[DATASET CONTENT Boundary: Start]
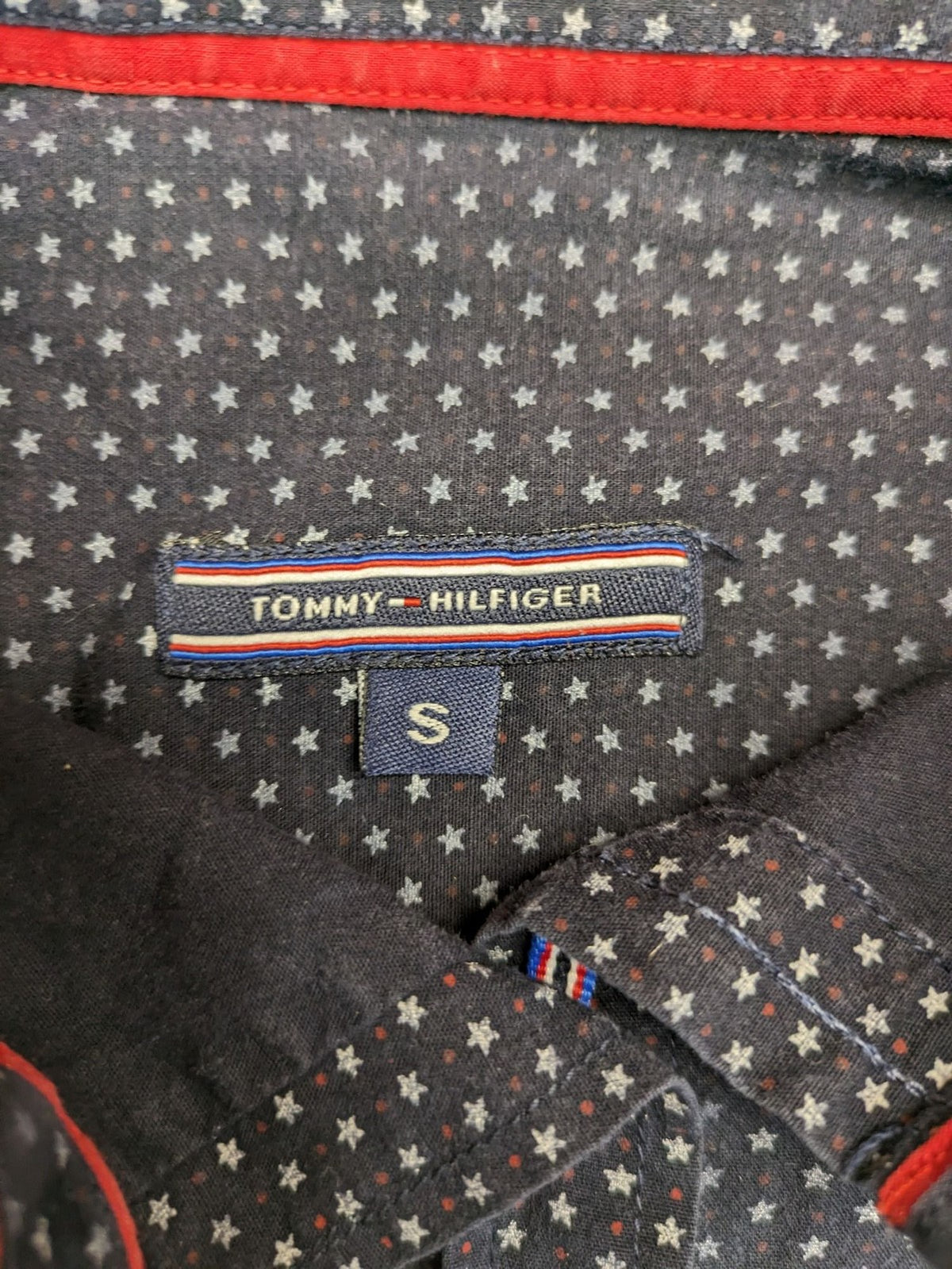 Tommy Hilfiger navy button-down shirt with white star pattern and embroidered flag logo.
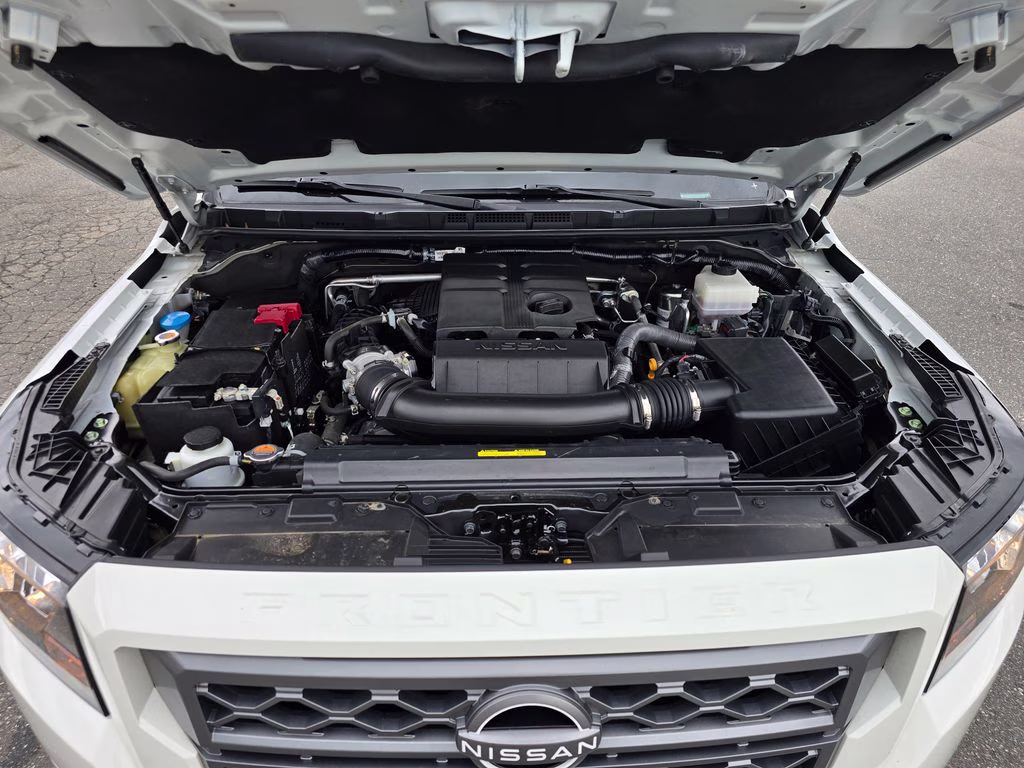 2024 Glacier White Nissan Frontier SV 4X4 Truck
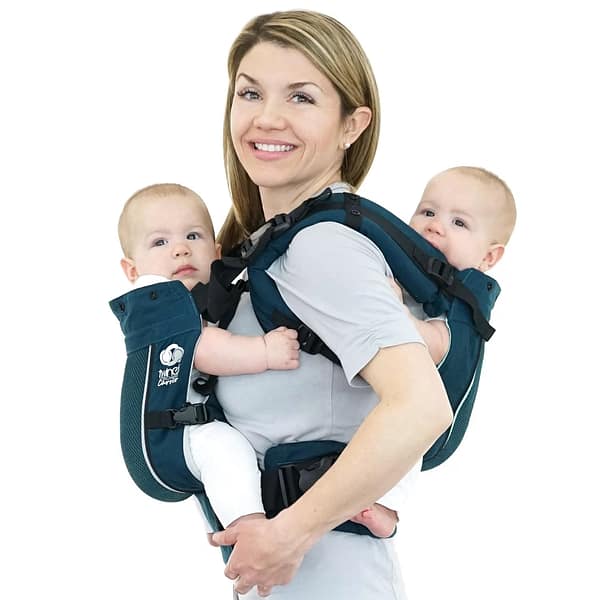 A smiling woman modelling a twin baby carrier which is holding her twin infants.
[DATASET CONTENT Boundary: End]
Would you retype all the lines shown above, exactly as written and without any picture?

SOLUTION TO THIS EXERCISE:
 Tommy Hilfiger navy button-down shirt with white star pattern and embroidered flag logo.
 2024 Glacier White Nissan Frontier SV 4X4 Truck
 A smiling woman modelling a twin baby carrier which is holding her twin infants.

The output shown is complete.